Jason Cruz gets excited thinking about Andy Warhol and, inspired by Kerouac, immortalizes in enlightening beat verses the present and its psycho-institutional-social metastasis: vivid aberrations where convulsive lysergic escapes from reality pulse, romantic horror vacui, and plastic Jesus without a soul to sacrifice the body. The only existing remedy: abandon the path and follow your own rules, go off the grid conscious of the immense value of being unique, knowing that nothing can ever replace it. "Panta rei," said Heraclitus. And the Strung Out seem to know it very well.
The powerful rhythm section of Jordan Burns and Chris Aiken sets the pace for the masterful guitar explosions of Jake Kiley and Rob Ramos, which never translate into sterile onanism but shape an ordered and elegant chaos that addicts the listener by removing every point of reference; a new exile into oblivion (but far less self-referential and complacent) agitated by epileptic tapping and overdoses of harmonics, but also cradled by melodically expansive riffs, whistles, and onomatopoeias always blending into exceptional solutions.
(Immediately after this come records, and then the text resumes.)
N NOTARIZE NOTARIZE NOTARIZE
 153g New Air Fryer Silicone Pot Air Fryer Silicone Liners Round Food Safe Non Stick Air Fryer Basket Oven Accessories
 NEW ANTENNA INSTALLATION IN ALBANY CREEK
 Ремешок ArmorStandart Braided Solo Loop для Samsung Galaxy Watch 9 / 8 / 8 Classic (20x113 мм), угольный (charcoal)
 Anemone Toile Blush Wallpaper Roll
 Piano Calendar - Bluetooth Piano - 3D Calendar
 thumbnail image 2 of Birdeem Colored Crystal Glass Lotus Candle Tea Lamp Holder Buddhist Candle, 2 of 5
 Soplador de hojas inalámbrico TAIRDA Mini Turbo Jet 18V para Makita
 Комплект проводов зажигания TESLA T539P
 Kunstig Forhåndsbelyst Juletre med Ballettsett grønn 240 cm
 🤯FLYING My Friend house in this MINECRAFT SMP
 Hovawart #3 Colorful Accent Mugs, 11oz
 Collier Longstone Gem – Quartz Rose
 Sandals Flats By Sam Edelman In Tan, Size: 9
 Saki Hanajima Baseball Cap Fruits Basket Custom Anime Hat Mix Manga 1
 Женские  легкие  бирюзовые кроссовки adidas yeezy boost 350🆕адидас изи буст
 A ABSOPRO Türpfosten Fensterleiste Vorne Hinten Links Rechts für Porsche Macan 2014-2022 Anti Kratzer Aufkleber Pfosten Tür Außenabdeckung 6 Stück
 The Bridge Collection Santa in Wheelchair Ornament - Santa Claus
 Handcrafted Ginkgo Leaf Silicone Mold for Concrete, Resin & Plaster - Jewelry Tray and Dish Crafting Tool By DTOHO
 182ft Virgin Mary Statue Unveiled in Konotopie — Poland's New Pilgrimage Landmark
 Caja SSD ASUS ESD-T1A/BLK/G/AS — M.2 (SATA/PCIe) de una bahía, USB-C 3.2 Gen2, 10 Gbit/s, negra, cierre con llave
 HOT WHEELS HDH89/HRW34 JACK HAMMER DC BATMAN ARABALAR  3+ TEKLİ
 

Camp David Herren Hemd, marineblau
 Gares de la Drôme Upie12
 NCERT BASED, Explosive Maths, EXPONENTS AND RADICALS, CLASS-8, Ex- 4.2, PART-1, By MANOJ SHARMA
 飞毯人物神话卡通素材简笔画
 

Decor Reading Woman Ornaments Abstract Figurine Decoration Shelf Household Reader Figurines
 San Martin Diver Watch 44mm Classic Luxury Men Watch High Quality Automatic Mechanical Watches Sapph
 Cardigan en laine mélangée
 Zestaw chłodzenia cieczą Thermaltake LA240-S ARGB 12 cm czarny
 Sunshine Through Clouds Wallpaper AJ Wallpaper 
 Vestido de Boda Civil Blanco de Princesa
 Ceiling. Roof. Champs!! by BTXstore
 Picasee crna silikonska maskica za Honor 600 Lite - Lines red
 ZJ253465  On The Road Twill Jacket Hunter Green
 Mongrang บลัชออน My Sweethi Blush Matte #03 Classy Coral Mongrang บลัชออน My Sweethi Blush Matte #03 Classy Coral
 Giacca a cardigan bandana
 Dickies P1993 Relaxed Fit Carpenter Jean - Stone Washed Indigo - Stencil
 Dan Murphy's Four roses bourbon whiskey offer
What more can be said without slipping into the superfluous? Nothing, except that Strung Out keep the number of tracks contained (hooray...), finally hitting the target, no ifs, no buts. "Agents Of The Underground" is a shining example of complex simplicity, an excellent pop record with strong hardcore veins, dominated by the darting phrases of the Ramos-Kiley duo and the abrasive and captivating vocal lines of the most inspired Jason Cruz ever. Hard to choose between the apocalyptic assaults of "Black Crosses", the pentatonic delirium of "Jack Knife", or the climax with a Maiden-like peak of "Dead Spaces". "In the future, everyone will be famous for fifteen minutes," said Andy Warhol. Strung Out will be famous for thirty-seven minutes. These. A masterpiece.